#### What you will do:
Restate all of the following data exactly, keeping any images out of the copy.

#### Provided data:
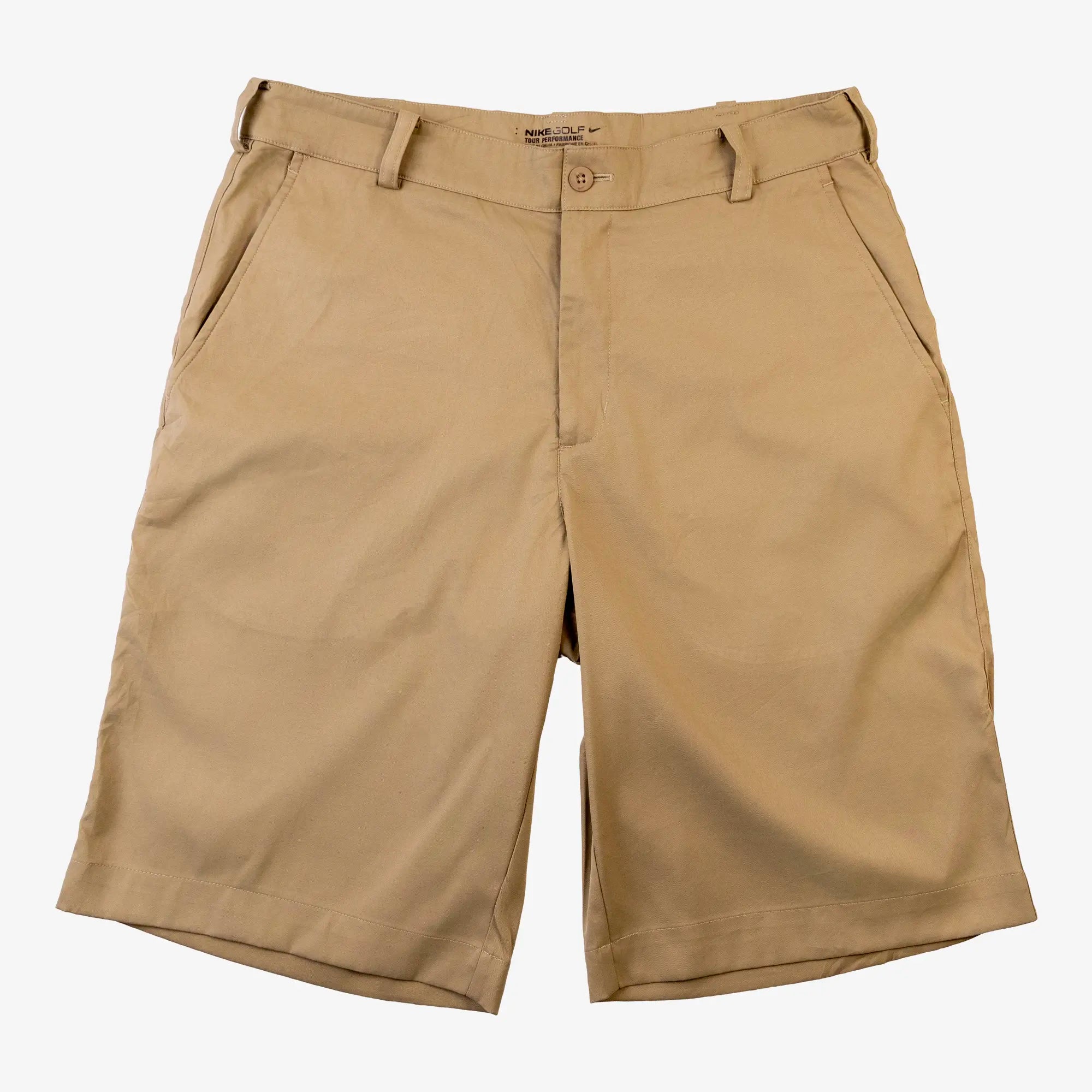 Box de 25 shorts de marque-TAGZ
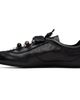 Cecilie Bahnsen Cecilie Bahnsen Black CBBlaise Sneakers - 3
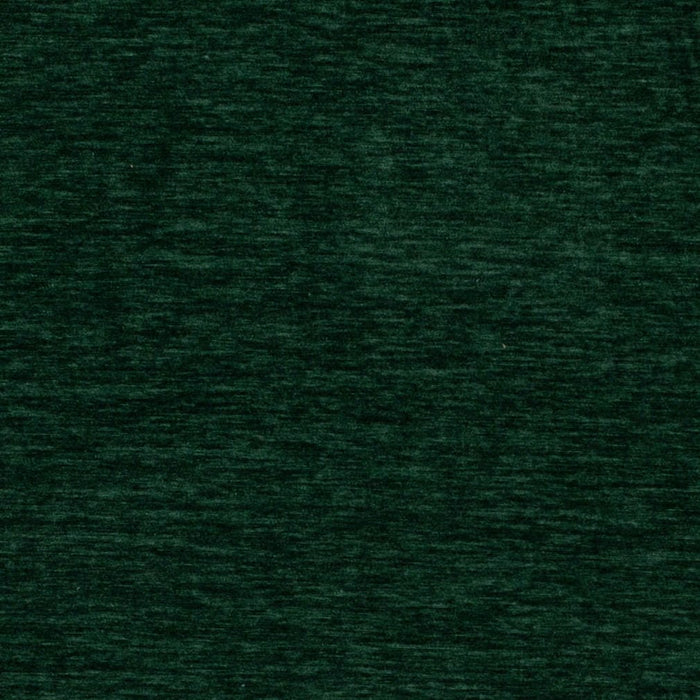 Charlotte D4710 Emerald Fabric Sample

#### Result:
 Box de 25 shorts de marque-TAGZ
 Cecilie Bahnsen Cecilie Bahnsen Black CBBlaise Sneakers - 3
 Charlotte D4710 Emerald Fabric Sample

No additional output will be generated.